The good news is that even though this stuff is widely misunderstood, it isn’t all that complicated. If you remember just a few concepts that I’ll discuss in this post, you’ll be way ahead of the game when it comes to buying, selling and exploiting creative works, whether it’s in the metaverse or here in the boring old regularverse.

Buying Objects ≠ Buying Copyrights

The first thing that’s important to understand is that buying a copy of a creative work, even if it happens to the only copy in existence, doesn’t give you any copyright interest in the work. So, if you buy a copy of “Dune,” you can read it. You can also tell your book club that you read it even though you really stopped at page 136. What you can’t do is make your own “Dune” movie. For that, you’d need an assignment or license from the owner of the underlying copyright. The same rule applies to digital artworks sold as NFTs.

This may seem obvious, but earlier this year an anonymous cryptocurrency-backed group known as Spice DAO was mocked mercilessly for paying around 3 million dollars for a rare copy of “Dune,” under the apparent misconception that by purchasing the physical book they had also acquired the right to produce a new animated series based on the property. The story is so ridiculous that I still haven’t decided if it was all just a massive troll. Either way, don’t be like those guys.

Tuit de @TheSpiceDAO: We won the auction for €2.66M. Now our mission is to:

1. Make the book public (to the extent permitted by law) 

2. Produce an original animated limited series inspired by the book and sell it to a streaming service

3. Support derivative projects from the community
That is one expensive book.

Chain of Title is Your Friend, aka “Teenage Mutant Ninja Fumble”

In other cases, NFT enthusiasts were told that the backers of a project had in fact acquired a license to exploit the copyright interest in an underlying creative work, only to find out later that this was wishful thinking—or even worse, an outright scam.
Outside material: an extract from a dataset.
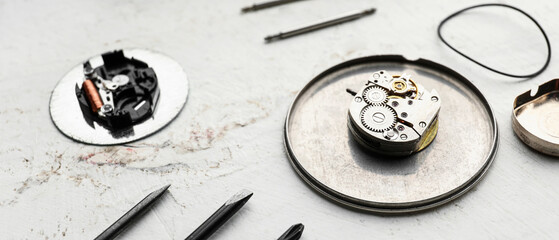 Broken watch and tools for repair on light background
Just this week, a start-up purporting to “own the NFT digital rights” in the original 1987 “Teenage Mutual Ninja Turtles” cartoon series had its Twitter account suspended after questions emerged about the legitimacy of the project.

The folks behind @TMNTNFT faced questions from the start about exactly how they had acquired rights to produce new animated works based on the TMNT property. As of a few months ago, everyone thought the Turtles NFT rights were already spoken for, as ViacomCBS (since renamed Paramount) publicly announced that it had entered into a strategic partnership with NFT company RECUR to “create a unified environment where fans can buy, collect and trade NFTs as digital products and collectables” across Paramount’s IP portfolio.

And yet in February, TMNT NFT showed up, and almost instantly had its account verified by Twitter. Richard Blade has been whining for 15 years about not having a verified Twitter account and these turtle guys got one in less than a month. They must be legit, right?

The @TMNTNFT Twitter account, before it was suspended.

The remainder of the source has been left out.